Re: [RFC PATCH RT] push waiting rt tasks to cpus with lower prios.

Peter Zijlstra Tue, 09 Oct 2007 11:22:35 -0700

On Tue, 2007-10-09 at 13:59 -0400, Steven Rostedt wrote:
> This has been complied tested (and no more ;-)
> 
> 
> The idea here is when we find a situation that we just scheduled in an
> RT task and we either pushed a lesser RT task away or more than one RT
> task was scheduled on this CPU before scheduling occurred.
> 
> The answer that this patch does is to do a O(n) search of CPUs for the
> CPU with the lowest prio task running. When that CPU is found the next
> highest RT task is pushed to that CPU.
> 
> Some notes:
> 
> 1) no lock is taken while looking for the lowest priority CPU. When one
> is found, only that CPU's lock is taken and after that a check is made
> to see if it is still a candidate to push the RT task over. If not, we
> try the search again, for a max of 3 tries.
> 
> 2) I only do this for the second highest RT task on the CPU queue.
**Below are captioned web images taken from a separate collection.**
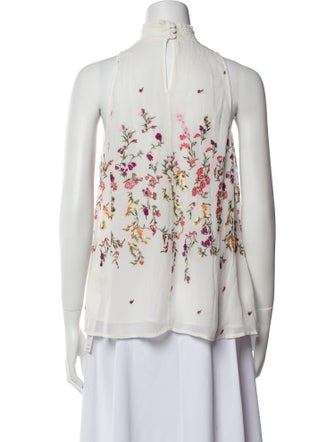Flor et. al Floral Print Mock Neck Blouse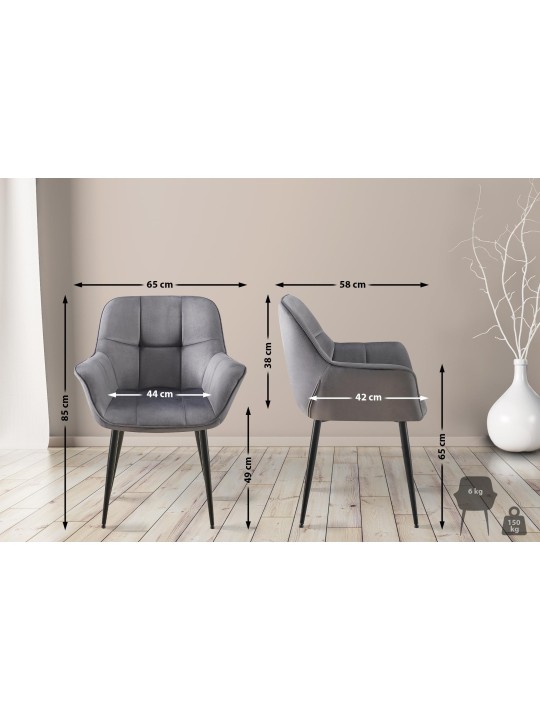 Silla de comedor de terciopelo Roseville, gris oscuro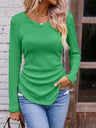 Textured Ruched V-Neck Long Sleeve T-Shirt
This
> can be easily changed to do it for all RT tasks until no more can be
> pushed off to other CPUs.
> 
> This is a simple approach right now, and is only being posted for
> comments.  I'm sure more can be done to make this more efficient or just
> simply better.
> 
> -- Steve


Do we really want this PREEMPT_RT only?

> Signed-off-by: Steven Rostedt <[EMAIL PROTECTED]>
> 
> Index: linux-2.6.23-rc9-rt2/kernel/sched.c
> ===================================================================
> --- linux-2.6.23-rc9-rt2.orig/kernel/sched.c
> +++ linux-2.6.23-rc9-rt2/kernel/sched.c
> @@ -304,6 +304,7 @@ struct rq {
>  #ifdef CONFIG_PREEMPT_RT
>       unsigned long rt_nr_running;
>       unsigned long rt_nr_uninterruptible;
> +     int curr_prio;
>  #endif
>  
>       unsigned long switch_timestamp;
> @@ -1485,6 +1486,87 @@ next_in_queue:
>  static int double_lock_balance(struct rq *this_rq, struct rq *busiest);
>  
>  /*
> + * If the current CPU has more than one RT task, see if the non
> + * running task can migrate over to a CPU that is running a task
> + * of lesser priority.
> + */
> +static int push_rt_task(struct rq *this_rq)
> +{
> +     struct task_struct *next_task;
> +     struct rq *lowest_rq = NULL;
> +     int tries;
> +     int cpu;
> +     int dst_cpu = -1;
> +     int ret = 0;
> +
> +     BUG_ON(!spin_is_locked(&this_rq->lock));

        assert_spin_locked(&this_rq->lock);

> +
> +     next_task = rt_next_highest_task(this_rq);
> +     if (!next_task)
> +             return 0;
> +
> +     /* We might release this_rq lock */
> +     get_task_struct(next_task);

Can the rest of the code suffer this? (the caller that is)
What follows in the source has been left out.